Drunken Antrim thug McCambridge who spat at paramedics sent to jail

By Nevin Farrell

A thug who sank 12 pints of lager and two shots on July 12 and then assaulted and spat at the paramedics called to his aid has been jailed.

Ryan Robert Patrick McCambridge was yesterday sentenced to four months in prison.

A judge at Coleraine Magistrates Court said it was the worst case of its kind he had heard.

District Judge Liam McNally said it had been well documented that courts will not tolerate that type of behaviour and will afford protection to ambulance staff "who day and daily have to deal with drunks".

McCambridge (20), of Meadowbank in Martinstown near Ballymena, had previously admitted charges including three of assault, two of criminal damage to an ambulance and to the ambulance defibrillator, as well as disorderly behaviour at the Causeway Hospital.

A prosecutor said when police arrived at the hospital McCambridge was "locked" in the ambulance and they could hear shouting and banging coming from inside and when the door was opened he was abusive to officers and ambulance staff.

The ambulance had to be withdrawn from service because he had spat and vomited inside the vehicle and caused £1,761.61 damage to a defibrillator. The clean-up bill was £345.

The prosecutor said an ambulance had picked up the defendant and because of his disruption on the way to the hospital it had to stop five times.

McCambridge had spat at, abused and assaulted staff, calling them "black b*******" and "w******".

One paramedic with 33 years' experience had never experienced such a level of abuse, the prosecutor added.

The lawyer said staff from another ambulance had to be called to help deal with McCambridge, which meant two ambulances were held up for 90 minutes.

When McCambridge arrived at the hospital his behaviour was such that he was returned to the ambulance.

The defendant told police he didn't normally drink but had taken 12 pints of lager and two Aftershock shots and hurt his leg but couldn't recall how.

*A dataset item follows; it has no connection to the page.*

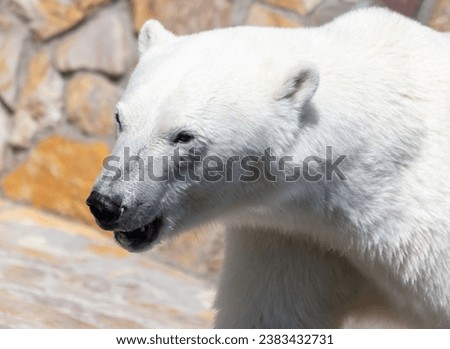 Portrait of a polar bear in the zoo.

Defence barrister Ben Thompson said he told his client the most likely outcome was jail which "terrifies" him.

He said the defendant had behaved appallingly and like a "thug", but wished to apologise to ambulance staff and the court and severely regretted his actions.

Judge McNally noted the defendant was a "high achiever" getting nine GCSEs and NVQs in joinery and business & administration and, although he accepted he was totally ashamed, he said "this is probably the worst type of case of this nature I have come across".

He said the starting point was at least a year in jail. However, he had to give discount for a plea of guilty at the first opportunity and the remorse shown as he imposed a four-month jail term.

Taking into account the means of the defendant, the judge said that he would limit compensation to £500.